Today, we invite Jacob Wren to the blog to share thoughts on a chapter from his new novel, Dry Your Tears to Perfect Your Aim! Read on for insights into the initial inspirations and questions that led Jacob to draft the first chapter of his book. Off to Jacob!
Perhaps the first impulse for Dry Your Tears to Perfect Your Aim came many years ago when I turned on the television and saw images of the so-called Shock and Awe campaign in Iraq. My first impulse was: I want to go there, to feel it for myself. Not to watch televised images of people being killed by U.S. missiles but to put myself in the missiles path and possibly be killed myself. I knew it would accomplish nothing, would solve nothing, but nonetheless I had such an intense impulse that I wanted to go. Of course I didn’t. I’m not a suicidal adventurer, I’m a depressed writer. So instead of going I chose to write about the feeling, try to understand it, to unpack it in all its problematic and colonial aspects. To write through it into the politicized yet dreamlike world of my subconscious and find out where it leads.
On the other side of this impulse, I suspect, is a desire (or literary desire) for utopia, for a better world. Or at least to know, if we really try, how much improvement may or may not be possible. Utopia is a classical theme for political literature and I’m searching for a different way into the heart of the matter. Obviously one of the questions I’m asking myself is: if there was a more utopian place, how would it protect itself, how would they prevent themselves being crushed by the military or even fascist forces that are so prevalent in the world. All of this is also wrapped up in the desire for a different kind of anti-war novel.
It was only much more recently that I heard Dry Your Tears to Perfect Your Aim referred to as autofiction.

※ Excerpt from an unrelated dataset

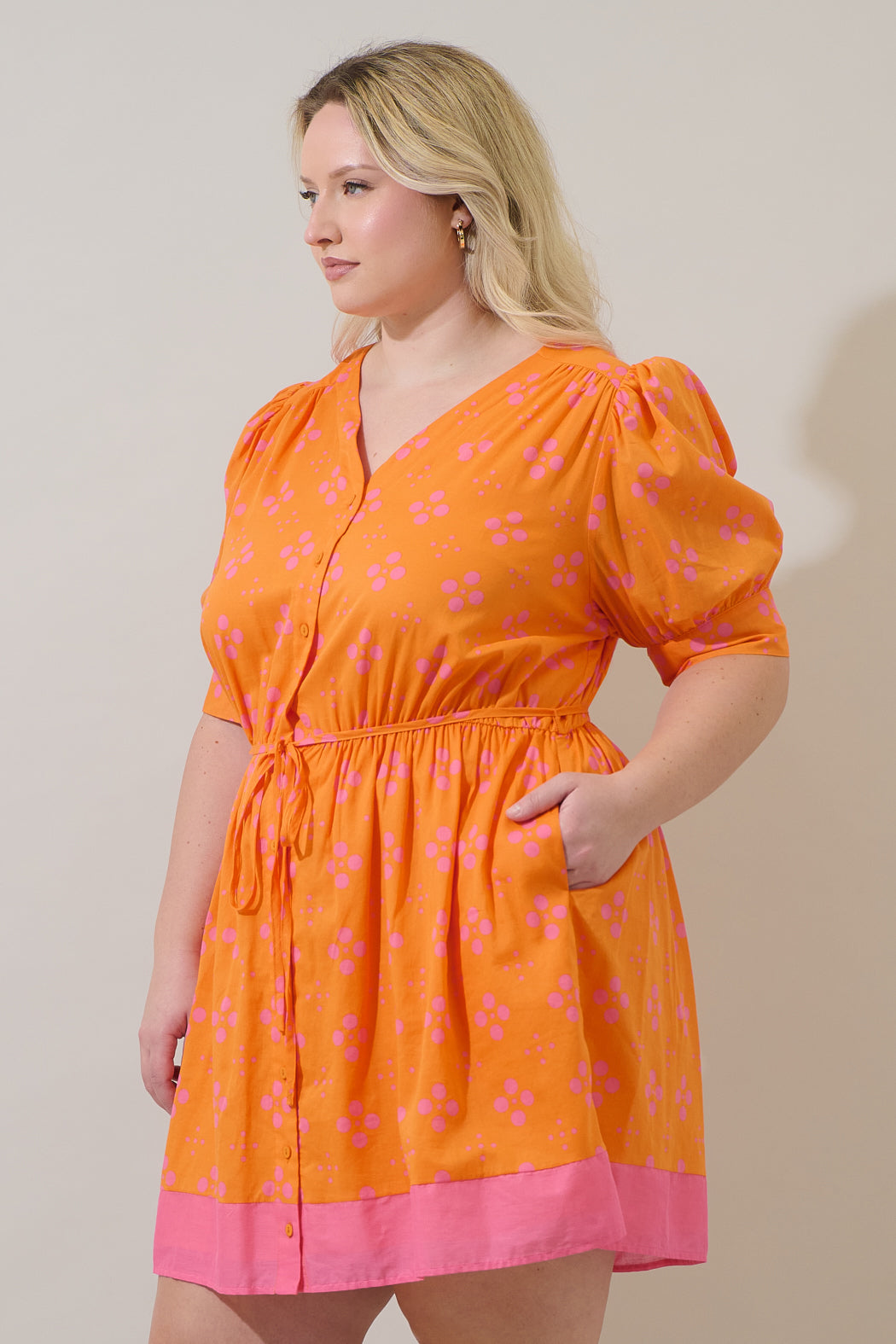 Donna Dot Elanie Button Down Mini Dress Curve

I certainly wasn’t thinking of it as autofiction when I was writing it, but in retrospect the label makes a strange kind of sense to me. A different kind of anti-war novel meets a different kind of autofiction. The protagonist is certainly the closest character to myself that I’ve ever written, too close for comfort, expressing so many of my conflicted thoughts yet doing things I would never have the guts to do in real life. And yet imagining myself doing things I would never do, in some kind of literary paradox, seems to bring the content closer to me rather than further away. That moment when I saw the explosions on television and thought ‘I want to go there’ was a strange moment of truth. And, at the same time, that feeling of wanting to go there, to be at risk, to be closer to death and closer to the painfully unbearable reality of the situation, was also a lie to save myself the shame of being endlessly complicit.